* [Data section]:

================================

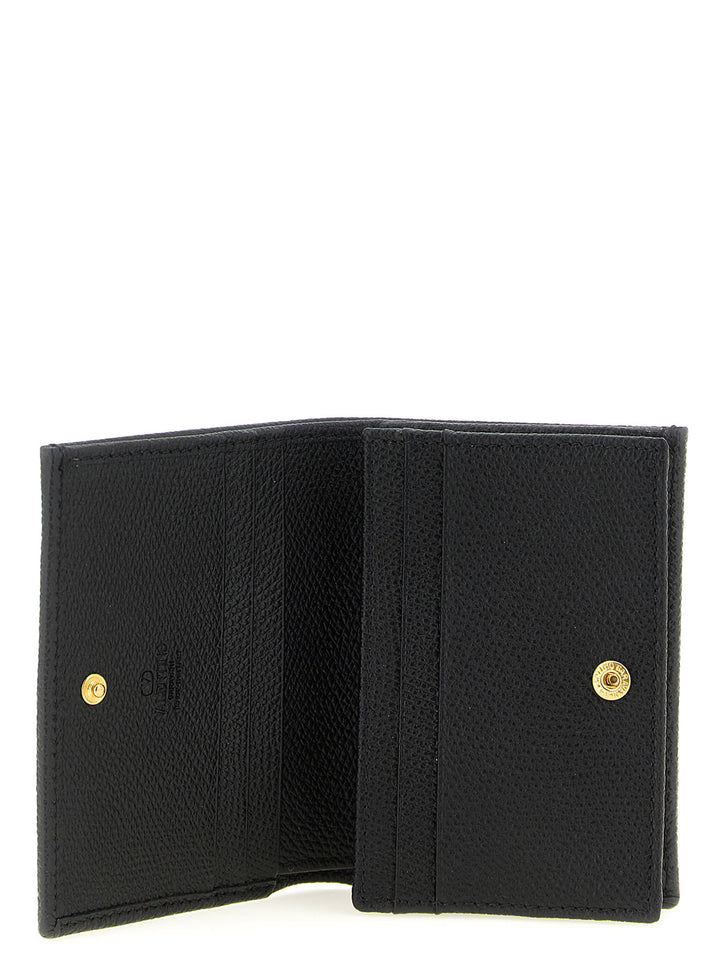 Valentino Garavani Valentino Garavani Vlogo Signature Wallet Portafogli - Nero | 58b1265fb36598c8f8ed0ba7d76357bd12c358b6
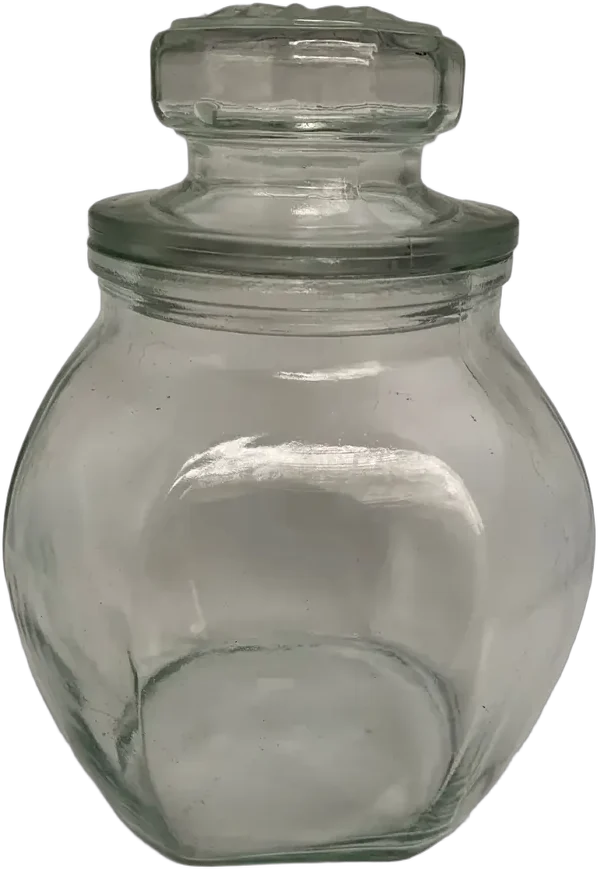 Antiguo Brocal O Frasco Tienda Vidrio — imagen 1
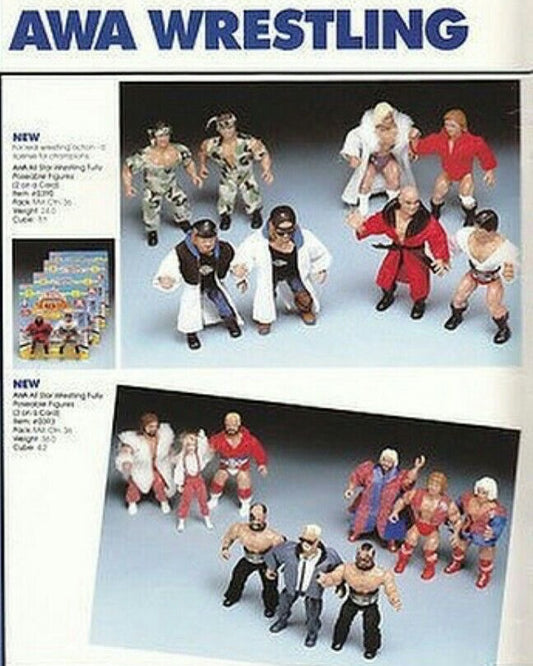 Unreleased AWA Remco All Star Wrestlers Precious & Paul Ellering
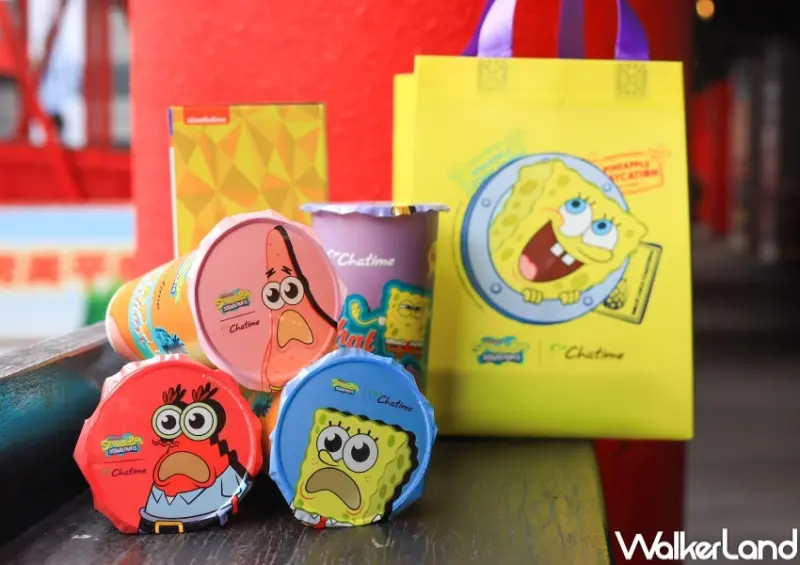 日出茶太X海綿寶寶 海綿星星大冒險 / WalkerLand窩客島提供 未經許可，不得轉載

================================

The copy must match the listing above exactly but contain no pictures.

* [Answer space]:
 Valentino Garavani Valentino Garavani Vlogo Signature Wallet Portafogli - Nero | 58b1265fb36598c8f8ed0ba7d76357bd12c358b6
 Antiguo Brocal O Frasco Tienda Vidrio — imagen 1
 Unreleased AWA Remco All Star Wrestlers Precious & Paul Ellering
 日出茶太X海綿寶寶 海綿星星大冒險 / WalkerLand窩客島提供 未經許可，不得轉載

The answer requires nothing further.